[Collected data entries]
====

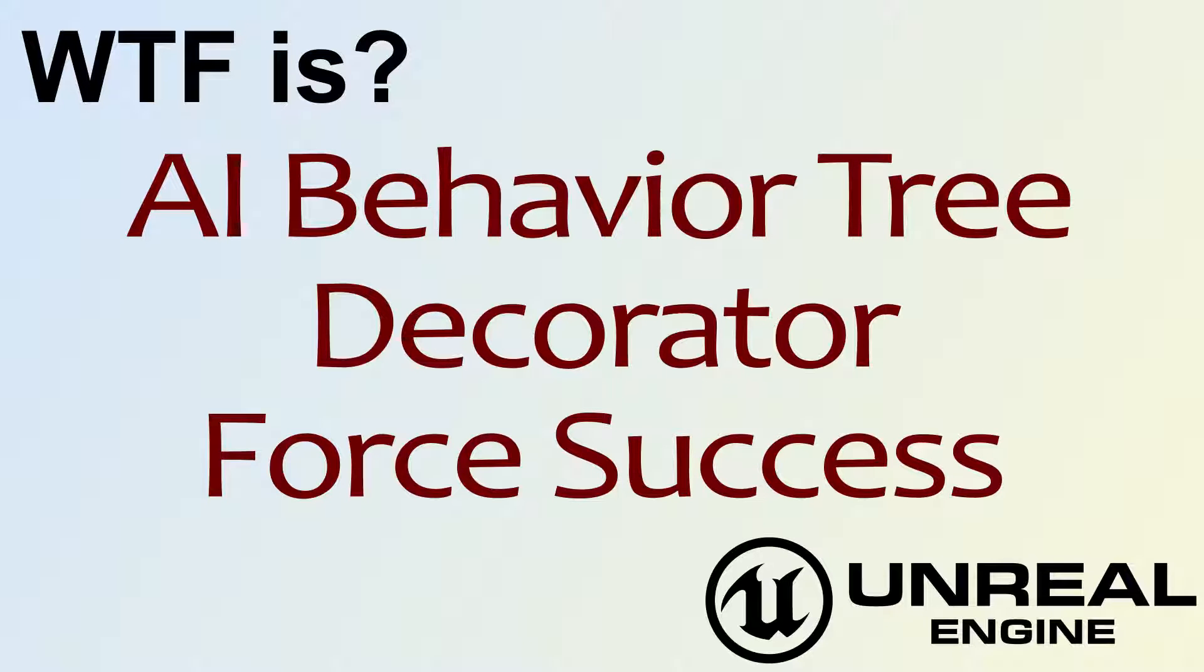Hello, welcome to the video for What is AI Behavior Tree Decorator, the Force Success node.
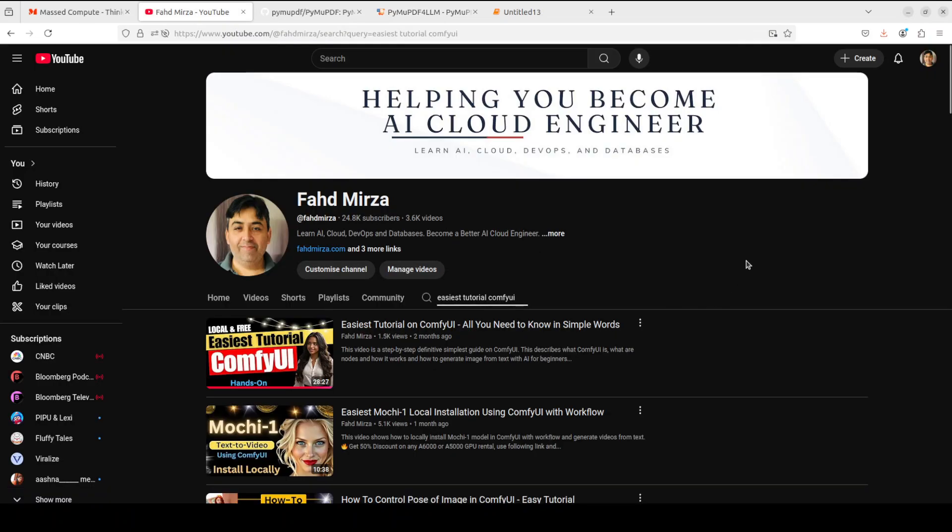If you like the content, please consider subscribing to the channel. If you are already subscribed, please share it among your friends as it helps. Thank you for watching.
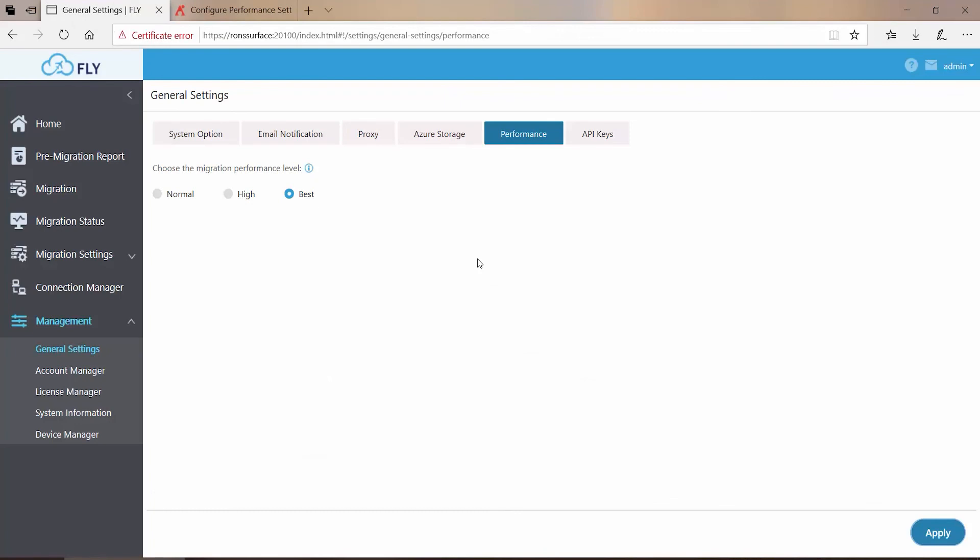Thank you for watching this short video on understanding and setting the migration performance level in Fly.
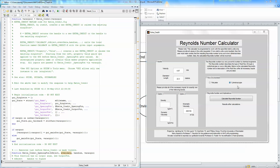Using a GUI interface, or a graphic user interface, we turned an otherwise complicated computer code into a user-friendly program that anyone can use to calculate the Reynolds number.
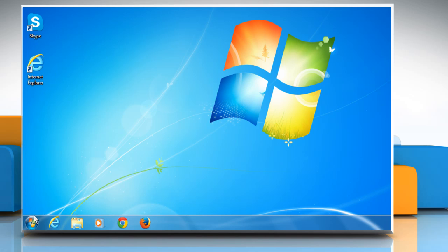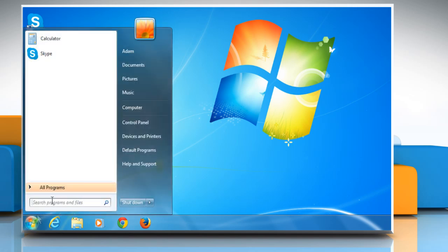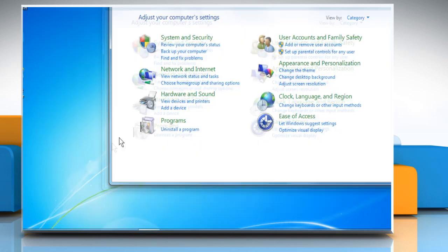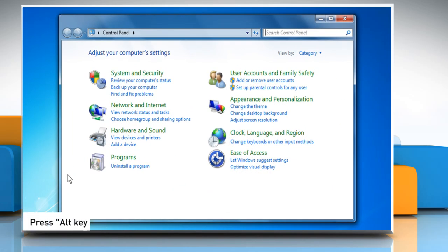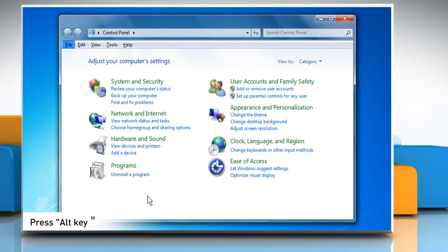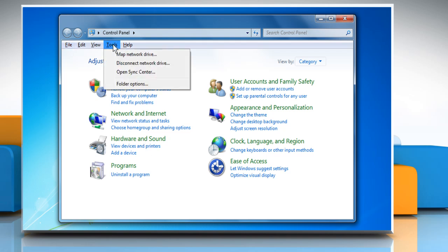Now click on Start and then click on Control Panel. Press the Alt key on your keyboard to view the menu bar. From the menu bar, select Tools and then click Folder Options.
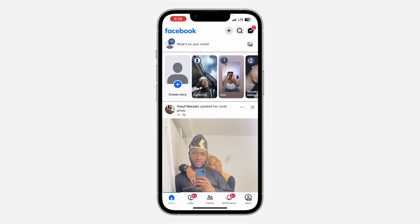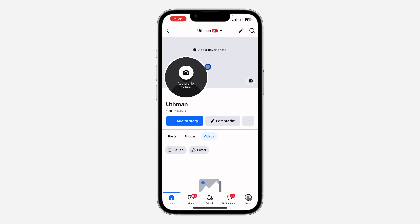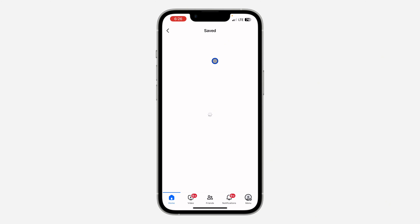Once you click on your profile icon, click on Videos on your profile. Under Videos, you are going to see the option for Saved. Now this is everything — you are going to see all the videos that you have saved right here.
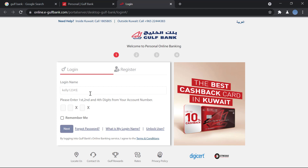For security purposes, you will enter your first, second, and fourth digit from your account number, then click Next. After that you will enter your password, and then you will be sent an authentication code to your phone number through SMS. You will enter the one-time authentication code.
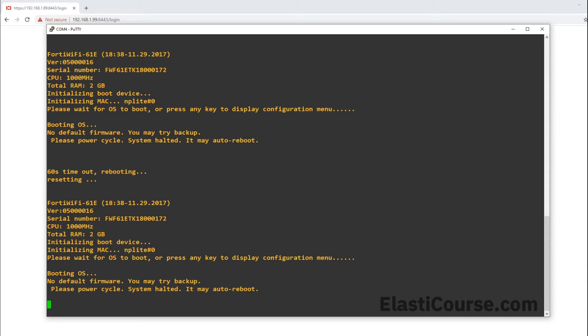In certain situations, you may run into a scenario where your firewall will have a corrupted firmware. In this case, as you see, my firewall is no longer booting and I intentionally broke it so I can show you the scenario.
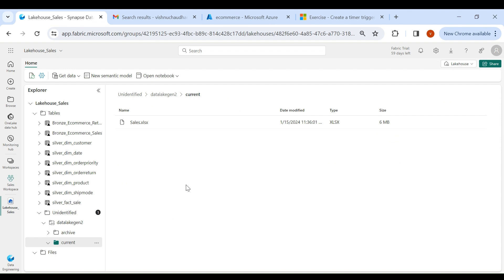This is how you can connect to Azure Data Lake Gen 2 using a shortcut. Now you can use a notebook to read the data from this shortcut. Thank you for watching this video — please do like and subscribe, and in case of any suggestions or improvements, please provide your comments.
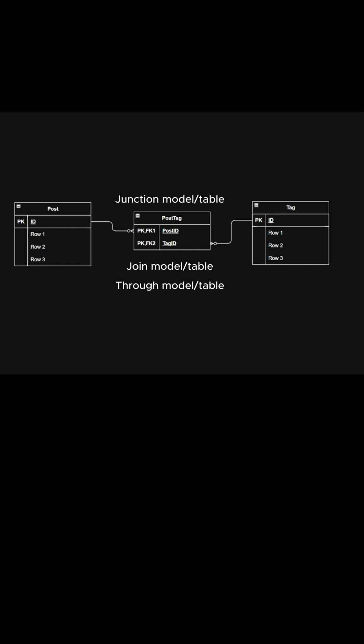We need to use a post tag junction table that has post ID and tag ID foreign keys. Since the combination of the post ID and tag ID is unique—because we can't tag the same post many times with the same tag—we will set post ID and tag ID as a combined primary key.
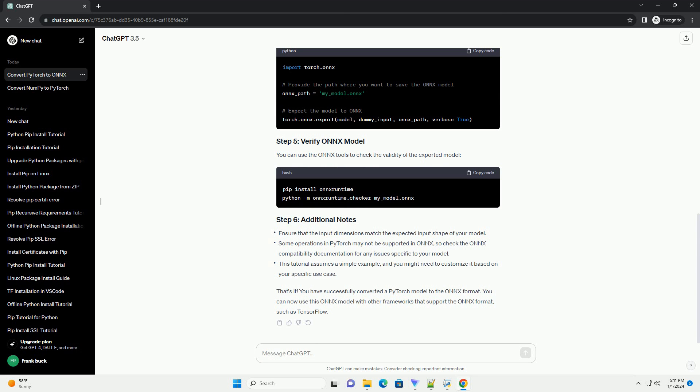Create a sample input tensor that matches the input shape expected by your model. Now, convert the PyTorch model to the ONNX format.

====

Task: Pictures excluded, reproduce only the part above that opens with the line holding "Using a GUI" and closes with the line holding "Once you click", exactly as written.

Worked solution:
Using a GUI interface, or a graphic user interface, we turned an otherwise complicated computer code into a user-friendly program that anyone can use to calculate the Reynolds number.
Now click on Start and then click on Control Panel. Press the Alt key on your keyboard to view the menu bar. From the menu bar, select Tools and then click Folder Options.
Once you click on your profile icon, click on Videos on your profile. Under Videos, you are going to see the option for Saved. Now this is everything — you are going to see all the videos that you have saved right here.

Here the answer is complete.